So the gold organization for COPD has recognized this. And this box in terms of clinical management of just a COPD patient independent of phenotypes is probably the most critical box. So on the X axis, you’re determining how bad their symptoms are with two COPD questionnaires and on the Y axis going from A to C or B to D, how often they flare and essentially where an individual falls into this box. Will be good to determine how you treat them outside of the specific phenotypes that we’ll begin talking about next.
So before we begin speaking specifically about the phenotypes, I just want to ensure we’re all using the same language. So phenotype scientifically was a part of language around genetics where you have the genotype, which is the change in genetics and the way that it manifests in the world is the phenotype. So that really is what it means originally. That’s not quite the way we’re using it medically and certainly not the way we’re using it in the context of COPD. So this was from an article in 2010 just to and that also kind of underscores how long this idea of trying to phenotype COPD and look at specific therapies has been going on.

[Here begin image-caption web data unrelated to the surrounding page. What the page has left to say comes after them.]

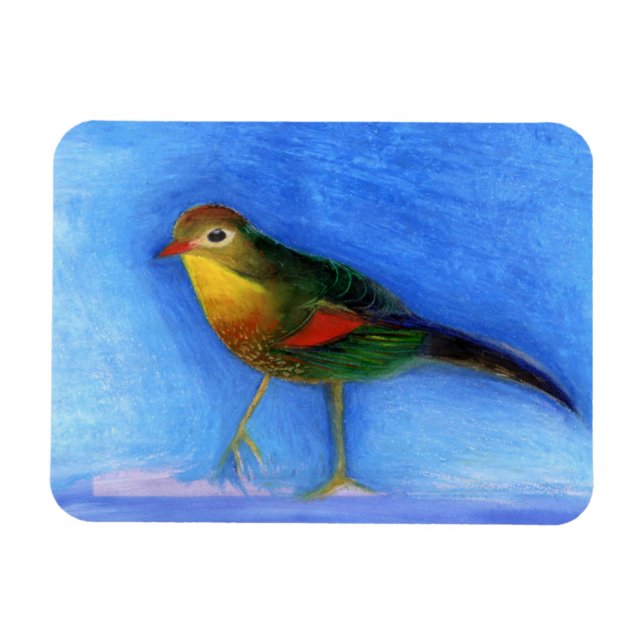 Nattljus 2012 magnet (Horisontell)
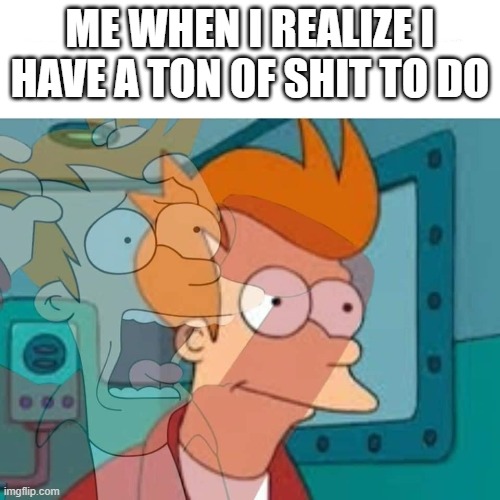 thanks Who_am_I for making this caption | ME WHEN I REALIZE I HAVE A TON OF SHIT TO DO | image tagged in fry | made w/ Imgflip meme maker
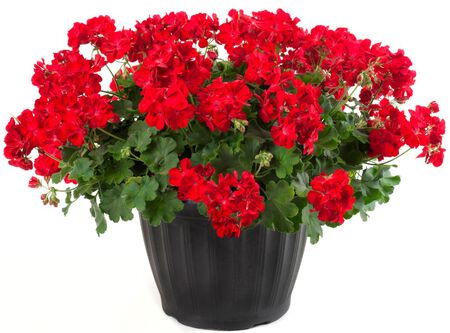 Patio Pot 10" Zonal Geranium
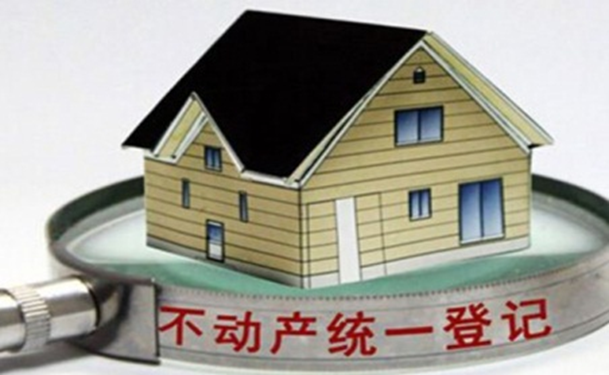 易彩堂官网不动产登记信息管理系统解决方案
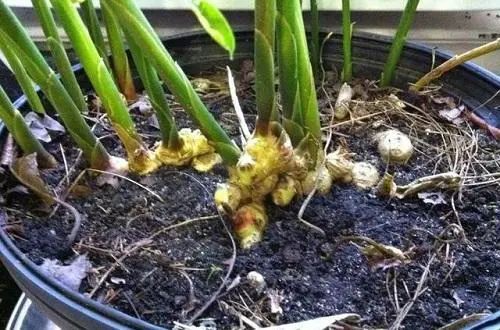 生姜在阳台种植技术_阳台生姜种植方法_阳台生姜种植技术与管理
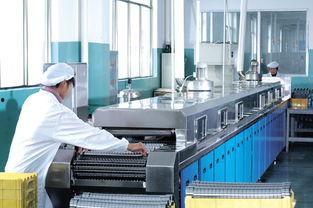 明星朱华燕,璀璨星途，闪耀舞台的璀璨明珠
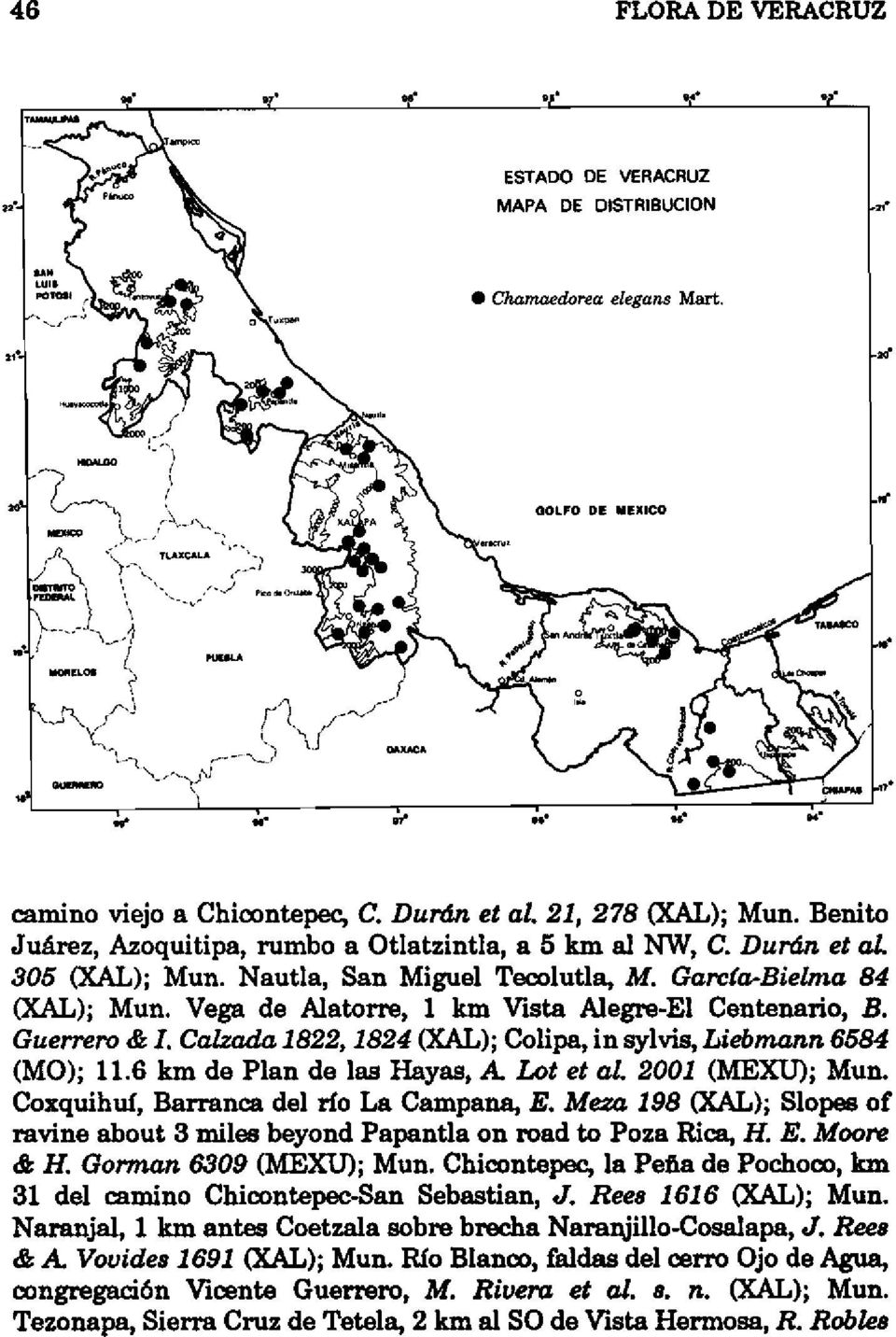 Vega de Alatorre, 1 km Vista Alegre-El Centenario, B. Guerrero & l. Calzada 1822, 1824 (}(AL); Colipa, in sylvis, Liebmann 6584 (MO); 11.6 km de Plan de las Hayas, A Lol el al. 2001 (MEXU); Mun.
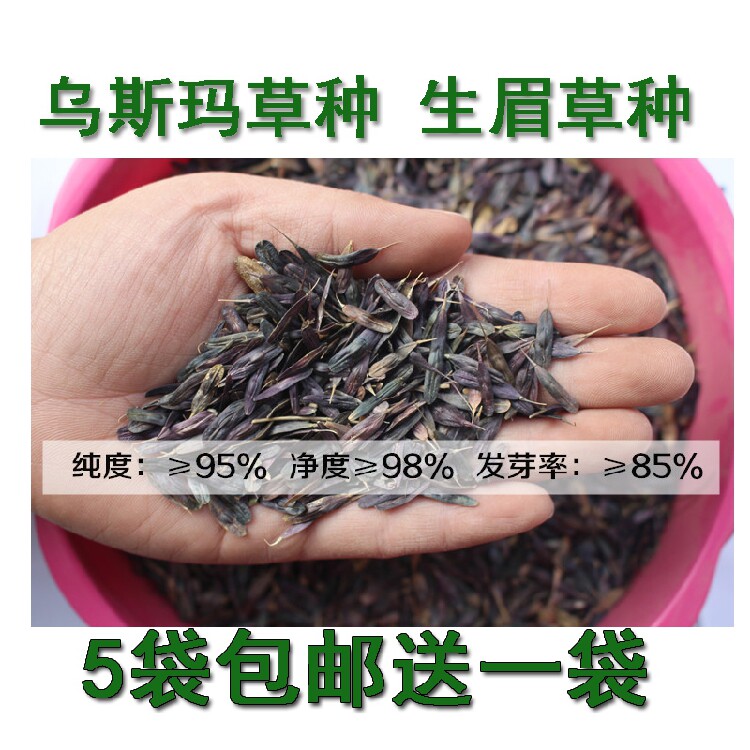 新疆乌斯玛草种子乌斯曼生眉草籽奥斯曼草种子浓眉乌发增长睫毛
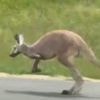 Watch: Runaway kangaroo closes stretch of Alabama interstate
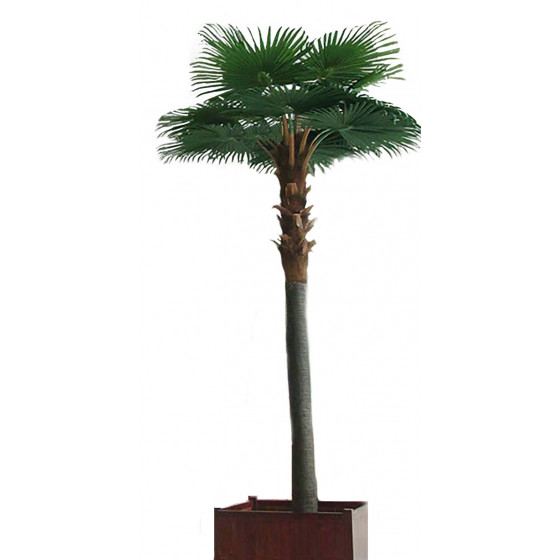 palmier CAMERUS royal artificiel 500 cm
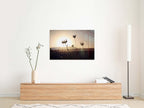Israel Sunset Landscape Flowers Shadow with Sun Halo and Galil Mountains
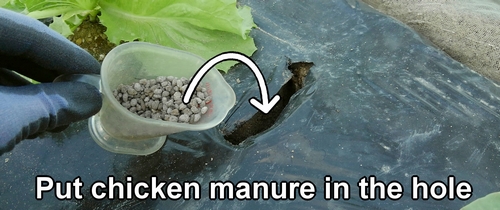 Put chicken manure in the hole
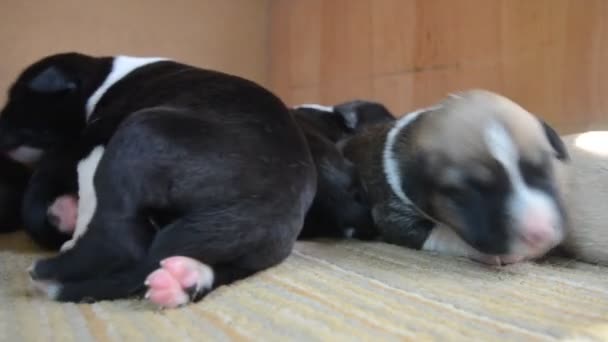 Amerikan Staffordshire Terrier köpek yavrusu uyku — Stok video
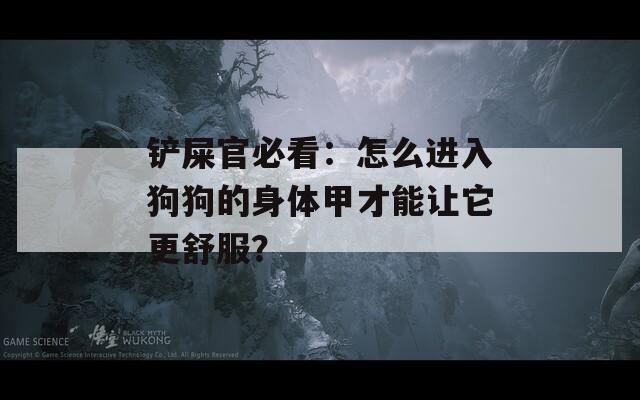 铲屎官必看：怎么进入狗狗的身体甲才能让它更舒服？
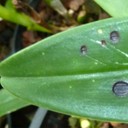 Anthracnose
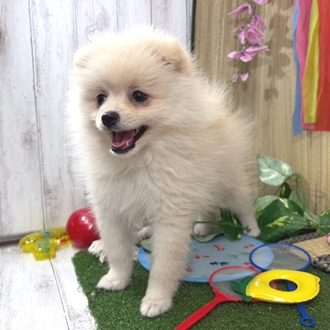 神奈川県のポメラニアン (犬の家＆猫の里小田原店/2026年5月31日生まれ/女の子/クリーム)の子犬の4枚目の画像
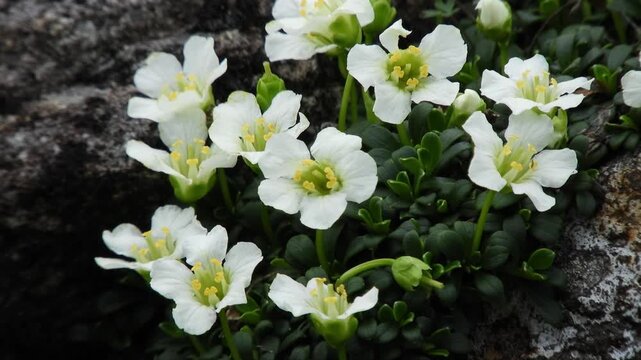 [4K] Diapensia lapponica (Iwaume) Blooming on the Rocky Slopes of Mt. Iwaki 【4K】岩木山の岩場に咲く高山植物 イワウメ（岩梅）の乳黄白色の花風景 撮影日：20250726-1
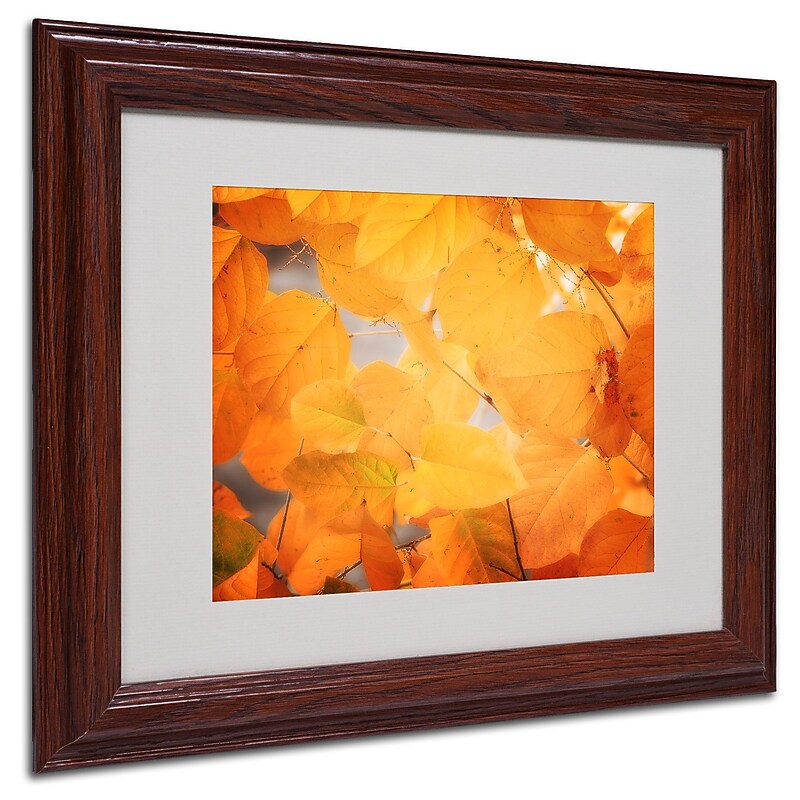 Trademark Philippe Sainte-Laudy "Seasonal Leaves" Art, White Matte With Wood Frame, 11" x 14" image 1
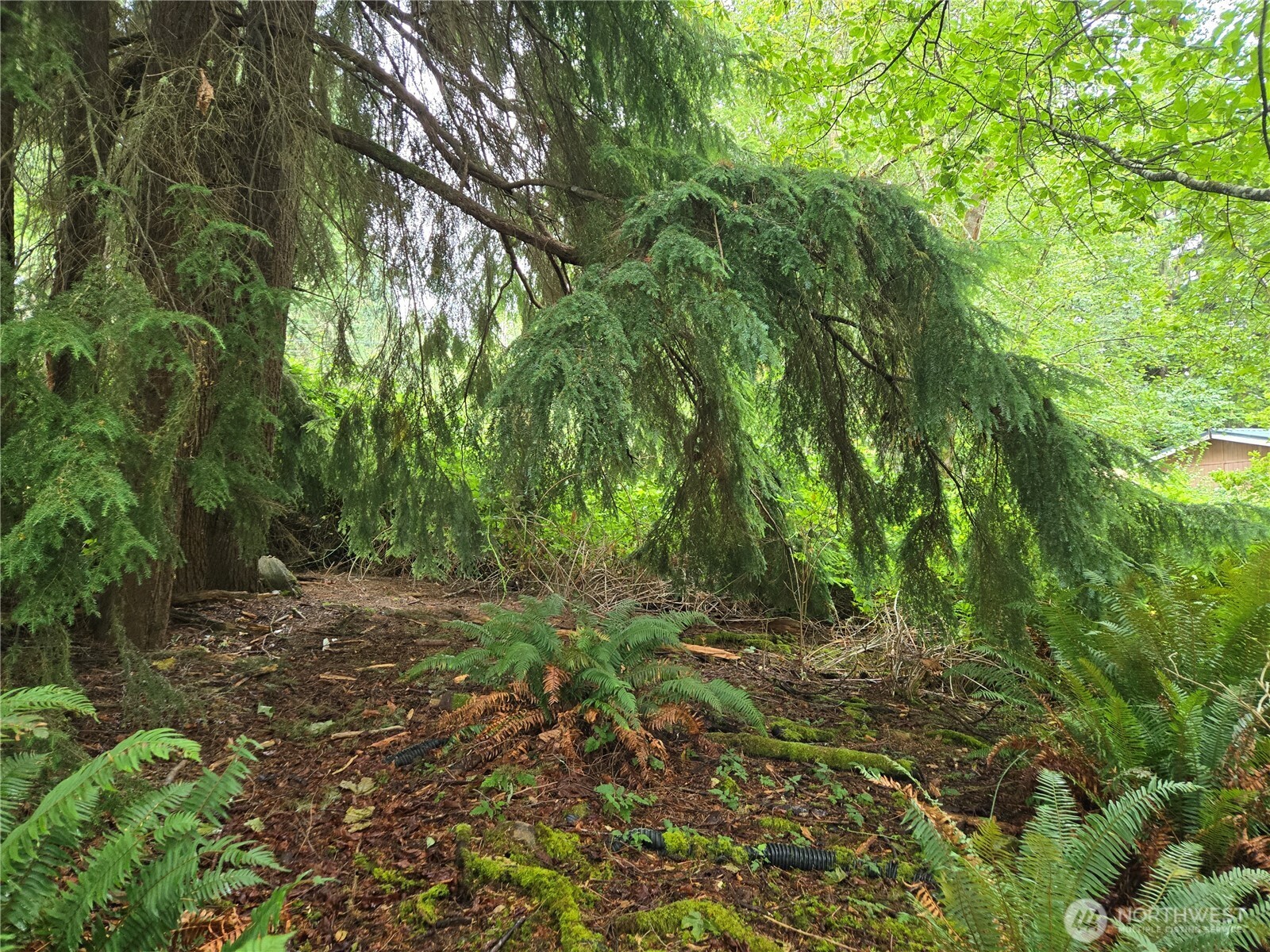 32609 Northeast 195th Street Duvall, WA 98019 - Photo 16 of 24 a big yard with lots of green space and trees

But the proposed COPD definition of a phenotype is a single or combination of disease attributes that describe differences between COPD’s as they rate relate to clinically meaningful outcomes and I think that clinically meaningful outcome, it’s really a broad term, it’s intentionally a broad term. Exacerbators is a perfect example of this. It has both symptoms. It also means that they’re going to develop worse disease, so that has a rate of disease progression. And then there are also specific treatments for individuals that respond that have frequent exacerbations.
So the second definition is a little bit more of a practical definition than the first, particularly within the context of COPD. Sorry, I believe there might be a timer on my slide. So I think they’re popping ahead of me. The third one. And this really gets to being very practical to a clinic patient in front of you or a hospitalized patient in front of you, which is a trait and a treatable trait. And this would be something like eosinophilia. If a patient has eosinophilia, that’s a trait and that means we should start an inhaled corticosteroid and that’s just a very, that’s I think the ultimate goal of all of this.
Of the phenotype which is a little bit more in the research and scientific realm to bring it to the bedside to just say OK, if they have this particular trait that means I should start this particular therapy in this individual. And that’s really I think what we’re all moving toward and trying to get to within COPD and the foundation for that is really this recognition and hopefully the case that I made to you all today that it really is a heterogeneous disease. So it wouldn’t be appropriate to treat such a heterogeneous population the same, because we’d probably be missing some treatments that might benefit particular individuals.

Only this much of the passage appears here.